Last month, Fever-Tree launched its Naturally Light Ginger Beer in the US. It joins the company's existing Ginger Beer and Ginger Ale with all three made from a blend of three gingers from Nigeria, Cochin and the Ivory Coast.
The latest unusual ginger-spiced beer I've spotted is Antebellum Ale from the Craggie Brewing Company in Asheville, North Carolina. The brewery has taken an 1840s American recipe containing ginger, molasses and spruce tips and added malt and hops for a modern twist.
In June, the Philadelphia Brewing Company launched Commonwealth Ciders. Next year, the brewery is planning a seasonal ginger cider. I'll let you know when it arrives.
The Gleaner from Jamaica carried an interesting article recently which had me reaching for the dictionary. It's about a farmer who grows soursop and who wants to produce a soursop juice commercially. Soursop, for those of you who, like me, had never heard of it before, is a tropical fruit with a taste of strawberry and pineapple. What brought the article to my attention was the use of ginger as a preservative for the juice.
Ginger has long been known as a preservative and a quick online search will reveal a wide range of ginger preservative uses including bread, pork, West African soft cheese, fresh fish and orange juice.
The Canadian Food Inspection Agency has announced the recall of certain Clef Des Champs brand Organic Ground Ginger products which may contain salmonella, reports MarketWatch. The recall appears to be nationwide.
Waitrose is to launch an alcoholic ginger beer as part of an own-label revamp. I'm surprised that there hasn't been one before (as far as I know).

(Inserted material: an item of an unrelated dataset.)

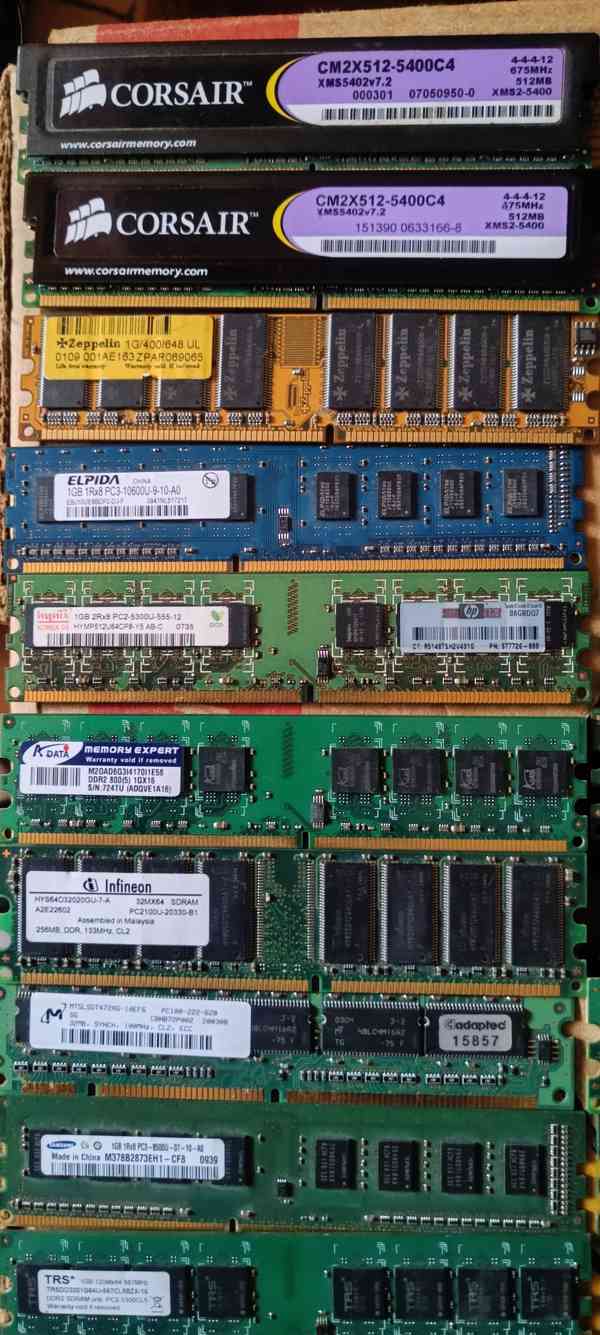 PC komponenty  - foto 15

Hollows & Fentimans will be promoting its alcoholic ginger beer with a Halloween marketing campaign this month, reports FoodBev. My understanding is that although Fentimans and Hollows & Fentimans are, in effect, the same company, Fentimans produces non-alcoholic drinks and Hollows & Fentimans produces alcoholic drinks. Nice drinks.
The Nepalese Department of Food technology and Quality Control has selected ginger as one of six agricultural products with wider export potential, according to The Himalayan Times. With ginger exports earning an impressive Rs 507.6 million in the last fiscal year, farmers are being encouraged to switch to organic production and then gain the added financial benefit of processing the ginger instead of exporting it raw. Preserved ginger commands a good premium although Nepal would be up against established players like Hong Kong and China.
Another region looking to increase its market share is the northern Indian state of Arunachal Pradesh. The State Agriculture Minister has called for the creation of more ginger oleoresin extraction plants. Oleoresins are naturally occurring mixtures of oil and resin. Ginger oleoresin is used to flavour a wide range of food and drink products. (Source: The Hindu Business Line).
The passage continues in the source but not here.